The results of this experiment will contribute to our understanding of life in extreme environments on Earth and on other planets with emphasis on adaption to desiccation and UV radiation. The direct comparison of the survival strategies of different microbial species living in biofilms or as planctonic cells will also give new insights into the adequacy of actual
planetary protection measures and may support the development of new life detection technologies for space application.

Project Title:
ESA project: Biology and Mars-Experiment (BIOMEX, P.I Jean-Pierre de Vera)
BIOMEX is a space exposure experiment on the exposure facility EXPOSE-E / ISS with the option to use simulated space conditions in the ground base facility for reference studies. It is planned to get knowledge about stability and degradation levels of space exposed pigments, secondary metabolites and cell surfaces in contact to a terrestrial and Martian analogue mineral environment. In parallel analysis on viability of the investigated organisms will give relevant data for evaluation of the likelihood of interplanetary transfer of life (theory of Lithopanspermia) and may serve as replicate for so far existing exposure experiments on the ISS but during a different solar activity as it has been tested before.
In this project a mixture of Martian analogue and terrestrial minerals with lichens, archaea and cyanobacteria, snow alga, meristematic black fungi and bryophytes from alpine and polar habitats will be exposed to Space and to Martian simulated conditions using the ESA EXPOSE Facility. This concept is planned to evaluate the degree of degradation of the organisms and their secondary metabolites which might be caused by the investigated space parameters (radiation, vacuum, Mars-CO2-gas). Additionally, expected secondary effects or interactions between life forms and minerals will be tested. This concept could be enlarged in future exposure experiments on the Moon and will serve as pre-tests in low Earth Orbit (LEO).

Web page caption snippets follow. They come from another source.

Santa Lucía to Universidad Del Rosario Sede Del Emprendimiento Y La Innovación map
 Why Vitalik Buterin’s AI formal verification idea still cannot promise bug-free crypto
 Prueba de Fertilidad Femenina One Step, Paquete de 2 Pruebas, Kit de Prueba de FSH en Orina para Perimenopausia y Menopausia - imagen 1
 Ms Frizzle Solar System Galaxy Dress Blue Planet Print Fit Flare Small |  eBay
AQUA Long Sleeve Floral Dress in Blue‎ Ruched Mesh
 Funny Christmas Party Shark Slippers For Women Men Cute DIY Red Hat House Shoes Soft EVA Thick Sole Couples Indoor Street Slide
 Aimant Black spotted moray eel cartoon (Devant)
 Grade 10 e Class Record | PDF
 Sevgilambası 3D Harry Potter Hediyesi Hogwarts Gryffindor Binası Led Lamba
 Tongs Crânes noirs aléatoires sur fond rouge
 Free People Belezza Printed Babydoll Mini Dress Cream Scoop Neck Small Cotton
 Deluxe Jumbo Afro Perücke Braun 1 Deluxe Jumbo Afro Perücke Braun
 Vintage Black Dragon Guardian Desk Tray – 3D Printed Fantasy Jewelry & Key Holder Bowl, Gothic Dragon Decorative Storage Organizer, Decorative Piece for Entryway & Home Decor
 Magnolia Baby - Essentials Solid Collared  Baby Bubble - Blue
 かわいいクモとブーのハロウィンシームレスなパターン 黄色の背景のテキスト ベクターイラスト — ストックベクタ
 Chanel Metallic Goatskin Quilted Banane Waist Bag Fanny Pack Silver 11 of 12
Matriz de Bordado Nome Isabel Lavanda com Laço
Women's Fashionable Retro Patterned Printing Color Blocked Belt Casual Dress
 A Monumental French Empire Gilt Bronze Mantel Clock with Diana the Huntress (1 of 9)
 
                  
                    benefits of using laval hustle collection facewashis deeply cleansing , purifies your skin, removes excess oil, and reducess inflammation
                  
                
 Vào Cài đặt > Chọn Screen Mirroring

Data we will get by these results may serve as efficient steps for characterisation of real bio signatures –an essential step for the future search for life in the universe. In parallel the resistance and survival of microorganisms before and after space exposure will be checked and will lead to results which might have relevance to evaluate the likelihood of the theory of lithopanspermia. The proposed analytic methods will be done by modern microscopic and spectroscopic measurements (RAMAN, CLSM, SEM), thermo gravimetric analysis and LIVE/DEAD-tests like germination and growth capacity tests, physiological activity check and fluorescence detection. The analysis will be done before and after flight.